*** Data for this task Section Begins ***

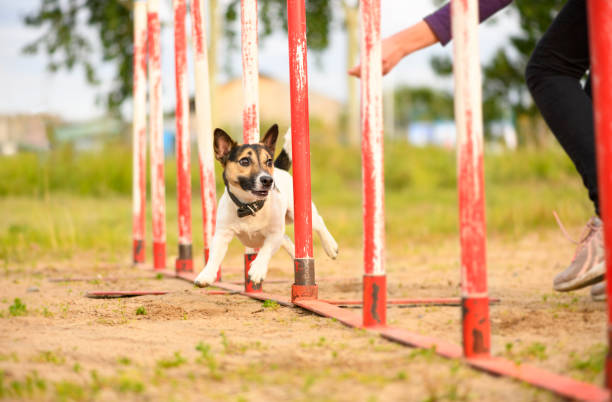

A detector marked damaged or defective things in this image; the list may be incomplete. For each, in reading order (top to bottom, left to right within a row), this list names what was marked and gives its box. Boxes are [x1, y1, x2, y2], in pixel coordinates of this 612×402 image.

peeling paint on pole [132, 0, 148, 264]
peeling paint on pole [194, 0, 220, 264]
peeling paint on pole [452, 0, 490, 356]
peeling paint on pole [584, 0, 612, 390]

*** Data for this task Section Ends ***

• _What to do_: In the copy, include every line of the entries above exactly and none of the pictures.

• _Answer for this exercise_:
A detector marked damaged or defective things in this image; the list may be incomplete. For each, in reading order (top to bottom, left to right within a row), this list names what was marked and gives its box. Boxes are [x1, y1, x2, y2], in pixel coordinates of this 612×402 image.

peeling paint on pole [132, 0, 148, 264]
peeling paint on pole [194, 0, 220, 264]
peeling paint on pole [452, 0, 490, 356]
peeling paint on pole [584, 0, 612, 390]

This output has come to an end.